Bolsonaro recua de mudança no teto de gastos; veja o vaivém das declarações

Presidente indicou que apoiaria alteração na regra de controle do Orçamento, mas nesta quinta disse ser contra

O Estado de S.Paulo

05 de setembro de 2019 | 10h48

O Estado revelou na quarta-feira, 4, que cresce no governo a pressão para a flexibilização da regra do teto de gastos, instrumento que limita o crescimento das despesas do Orçamento à inflação. Na manhã de quarta, o presidente Jair Bolsonaro indicou que daria aval à mudança na lei, mas nesta quinta-feira, 5, voltou atrás. O ministro da Economia, Paulo Guedes, é contrário à revisão. 

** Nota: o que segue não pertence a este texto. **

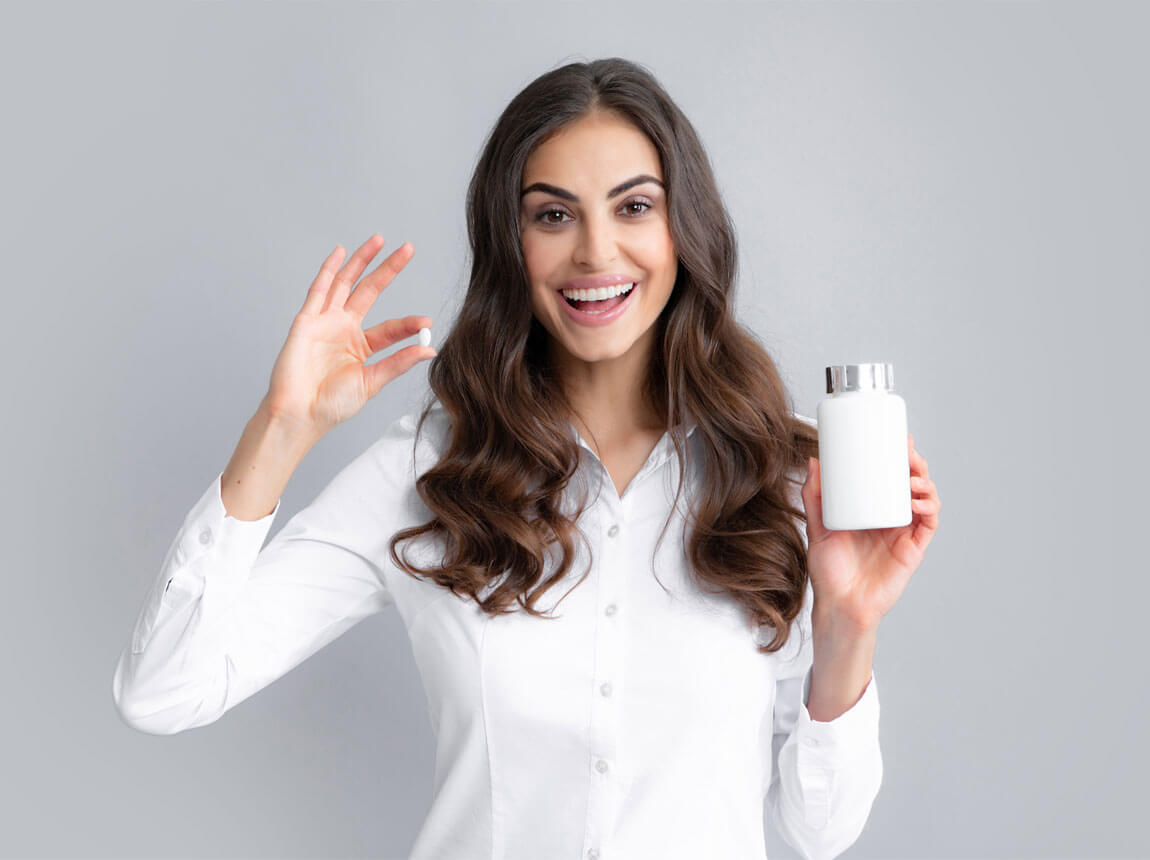 woman with magnesium capsules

Veja o vaivém das declarações sobre o tema: 

Quarta-feira, 4 

9h25

Jair Bolsonaro em entrevista no na porta do Palácio da Alvorada, indicou ser favorável à mudança na regra do teto de gastos: “Acho que daqui a dois ou três anos vai zerar as despesas discricionárias (gastos de custeio e investimentos). É isso? Isso é uma questão de matemática, nem preciso responder para você, isso é matemática”, afirmou. "Eu vou ter que cortar a luz de todos os quartéis do Brasil, por exemplo, se nada for feito." 

11h27

Rodrigo Maia (DEM-RJ), presidente da Câmara dos Deputados, se opôs à alteração: "É impossível mexer na PEC do teto. É um erro. Nosso problema não está em discutir o teto dos gastos, nosso problema está em discutir despesas.”

18h45

Otávio Rêgo Barros, porta-voz da Presidência, deixou claro que Bolsonaro é a favor de alterar a regra: “Se a mudança no teto não for feita, tendência é governo ficar sem verba para manter máquina.”

20h16 

Davi Alcolumbre (DEM-AP), presidente do Senado, faz coro a Maia em defesa da PEC do teto: "O mérito dela foi limitar os gastos do governo central, esse foi o mérito. Estamos enfrentando uma dificuldade? Estamos enfrentando uma dificuldade. Poderemos tomar decisões que não eram o que o governo queria tomar. Por que não aumenta o tamanho do déficit? Resolve, o Estado não vai parar." 

Quinta-feira, 5

7h33

Bolsonaro, pelo Twitter, volta atrás: "Temos que preservar a Emenda do Teto. Devemos sim, reduzir despesas, combater fraudes e desperdícios. Ceder ao teto é abrir uma rachadura no casco do transatlântico. O Brasil vai dar certo. Parabéns a nossos ministros pelo apoio às medidas econômicas do Paulo Guedes."